# HF Dust Collection



## Rockytime (Dec 18, 2014)

My shop is very small, 112 sq. ft. I only have room for my 10" lathe. The rest of the shop is filled with metal working machinery. Not having spare room I need to get a small DC system. I was thinking about the Dust Director but it is shop vac based and is noisy and I cant imagine how long the vac would last running constantly. HF has a small 1hp dust collector. Has any one had experience with it. It is small but I only need it for my small wood lathe. There is no room in the shop and I would place it outside the shop wall inside the main part of the garage and put the collection tube through the wall, about a four foot run. Sound practical? HF also has a little larger 1 1/2hp unit but I need to be as compact as possible. The 2hp is out of the question.


----------



## Tom D (Dec 18, 2014)

I can let you know in about a month. I bought one this past Saturday and I just have to hang it and cut the hole in the wall of my shop. I have heard it is not noisy but I like to hear my lathe when I turn.


----------



## Edgar (Dec 18, 2014)

Tom D said:


> I can let you know in about a month. I bought one this past Saturday and I just have to hang it and cut the hole in the wall of my shop. I have heard it is not noisy but I like to hear my lathe when I turn.

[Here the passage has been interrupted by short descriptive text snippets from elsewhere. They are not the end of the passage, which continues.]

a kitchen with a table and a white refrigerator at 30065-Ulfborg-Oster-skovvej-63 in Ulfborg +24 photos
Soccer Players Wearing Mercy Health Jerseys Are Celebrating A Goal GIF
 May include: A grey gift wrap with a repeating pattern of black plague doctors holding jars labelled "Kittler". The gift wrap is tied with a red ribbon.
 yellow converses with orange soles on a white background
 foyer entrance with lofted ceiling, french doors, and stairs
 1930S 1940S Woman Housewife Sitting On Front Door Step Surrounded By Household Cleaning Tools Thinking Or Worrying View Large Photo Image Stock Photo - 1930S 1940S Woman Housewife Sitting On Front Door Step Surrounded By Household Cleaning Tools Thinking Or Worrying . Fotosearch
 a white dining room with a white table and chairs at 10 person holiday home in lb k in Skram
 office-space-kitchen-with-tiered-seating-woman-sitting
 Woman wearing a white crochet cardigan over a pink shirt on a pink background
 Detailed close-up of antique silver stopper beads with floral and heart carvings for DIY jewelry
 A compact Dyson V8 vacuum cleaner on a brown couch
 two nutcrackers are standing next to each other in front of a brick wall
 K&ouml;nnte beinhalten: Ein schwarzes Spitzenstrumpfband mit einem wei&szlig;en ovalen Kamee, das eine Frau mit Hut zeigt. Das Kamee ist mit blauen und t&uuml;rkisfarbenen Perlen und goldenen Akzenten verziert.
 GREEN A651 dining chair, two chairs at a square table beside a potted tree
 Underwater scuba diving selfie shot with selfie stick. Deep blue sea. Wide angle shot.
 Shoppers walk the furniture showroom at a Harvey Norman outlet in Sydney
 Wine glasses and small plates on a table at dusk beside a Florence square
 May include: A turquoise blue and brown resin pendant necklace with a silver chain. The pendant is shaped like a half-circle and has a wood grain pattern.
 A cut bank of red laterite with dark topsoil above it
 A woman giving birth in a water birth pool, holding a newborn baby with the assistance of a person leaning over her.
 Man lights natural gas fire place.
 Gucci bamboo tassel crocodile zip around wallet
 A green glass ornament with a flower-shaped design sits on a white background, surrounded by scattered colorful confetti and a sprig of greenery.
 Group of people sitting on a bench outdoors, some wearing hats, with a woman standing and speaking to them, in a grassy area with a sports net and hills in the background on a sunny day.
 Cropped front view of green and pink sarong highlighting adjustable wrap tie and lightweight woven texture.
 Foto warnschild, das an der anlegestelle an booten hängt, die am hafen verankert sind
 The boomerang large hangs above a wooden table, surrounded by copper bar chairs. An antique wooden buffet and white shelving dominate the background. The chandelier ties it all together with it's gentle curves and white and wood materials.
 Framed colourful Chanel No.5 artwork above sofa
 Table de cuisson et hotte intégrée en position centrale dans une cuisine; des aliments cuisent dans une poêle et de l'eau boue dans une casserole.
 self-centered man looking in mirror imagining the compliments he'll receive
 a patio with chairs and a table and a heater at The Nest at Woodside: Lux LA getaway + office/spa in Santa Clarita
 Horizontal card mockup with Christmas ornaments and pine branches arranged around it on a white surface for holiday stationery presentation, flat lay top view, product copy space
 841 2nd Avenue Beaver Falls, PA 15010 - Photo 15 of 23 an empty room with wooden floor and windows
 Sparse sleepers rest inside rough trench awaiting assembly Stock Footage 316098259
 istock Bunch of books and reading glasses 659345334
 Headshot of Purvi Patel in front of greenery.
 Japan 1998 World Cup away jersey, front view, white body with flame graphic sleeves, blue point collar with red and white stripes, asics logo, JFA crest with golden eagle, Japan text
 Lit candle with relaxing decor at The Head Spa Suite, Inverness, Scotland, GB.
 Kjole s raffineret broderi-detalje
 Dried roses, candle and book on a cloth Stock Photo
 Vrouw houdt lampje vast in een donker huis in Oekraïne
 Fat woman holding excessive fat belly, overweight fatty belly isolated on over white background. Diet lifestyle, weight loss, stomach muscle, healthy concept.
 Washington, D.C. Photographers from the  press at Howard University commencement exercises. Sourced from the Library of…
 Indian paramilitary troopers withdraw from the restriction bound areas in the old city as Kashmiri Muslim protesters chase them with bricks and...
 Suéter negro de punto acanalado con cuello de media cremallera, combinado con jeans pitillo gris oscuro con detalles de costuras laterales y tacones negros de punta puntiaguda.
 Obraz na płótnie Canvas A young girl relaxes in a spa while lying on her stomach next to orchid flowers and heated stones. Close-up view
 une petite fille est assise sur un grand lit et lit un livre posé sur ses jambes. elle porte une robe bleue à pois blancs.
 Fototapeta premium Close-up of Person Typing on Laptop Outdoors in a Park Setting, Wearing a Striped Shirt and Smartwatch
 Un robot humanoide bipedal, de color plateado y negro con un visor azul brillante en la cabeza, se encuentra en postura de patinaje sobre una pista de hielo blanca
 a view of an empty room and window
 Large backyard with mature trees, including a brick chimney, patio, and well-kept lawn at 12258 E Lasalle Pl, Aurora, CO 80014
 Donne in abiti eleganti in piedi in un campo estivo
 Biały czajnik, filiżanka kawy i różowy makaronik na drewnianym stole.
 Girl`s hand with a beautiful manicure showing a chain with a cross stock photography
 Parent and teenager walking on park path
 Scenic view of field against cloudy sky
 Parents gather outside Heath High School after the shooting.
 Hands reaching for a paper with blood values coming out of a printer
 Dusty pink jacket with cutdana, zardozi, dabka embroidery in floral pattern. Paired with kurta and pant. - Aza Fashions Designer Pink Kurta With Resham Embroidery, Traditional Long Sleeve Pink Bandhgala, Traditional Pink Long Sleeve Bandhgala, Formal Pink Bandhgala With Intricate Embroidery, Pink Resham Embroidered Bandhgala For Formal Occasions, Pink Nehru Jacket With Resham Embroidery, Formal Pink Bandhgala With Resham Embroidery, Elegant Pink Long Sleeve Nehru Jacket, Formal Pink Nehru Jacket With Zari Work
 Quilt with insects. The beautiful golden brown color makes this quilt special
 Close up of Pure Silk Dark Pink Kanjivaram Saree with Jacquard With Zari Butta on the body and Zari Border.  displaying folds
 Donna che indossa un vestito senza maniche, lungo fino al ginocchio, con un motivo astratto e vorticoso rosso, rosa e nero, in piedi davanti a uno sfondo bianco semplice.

I'll be looking forward to your report too. I need something about the same size for my shop.


----------



## William Menard (Dec 19, 2014)

thats the one I have, it works perfect for my needs. I built a small wooden cabinet outside my shop and piped it through the wall, does a great job and barely any noise.


----------



## Dalepenkala (Dec 19, 2014)

Les I don't have that unit but I have the 2hp unit and have been very happy with it! I understand your room issue but if at all possible I would suggest that you get a bigger unit. I have the bigger unit and at some point need at get a bigger one yet!  Just my 2 cents worth. Good luck with your purchase regardless of which way you go.


----------



## stonepecker (Dec 19, 2014)

I have mine right in my shop running with my router. Together they are loud. However, I wear hearing protection when running them.
The suction is great for what I am doing. I would think that running it into another (Heated) room would be a bonus.


----------



## ironman123 (Dec 19, 2014)

I have 2 metal lathes, a mill/drill, drill press, tool grinder/sharpener and small HF 10X18 wood lathe in one 12X16 building and use that same 1HP dust collector.    That is crowded.     I have been using that 1HP unit on my wood lathe for almost 3 years now.     Works good but loud.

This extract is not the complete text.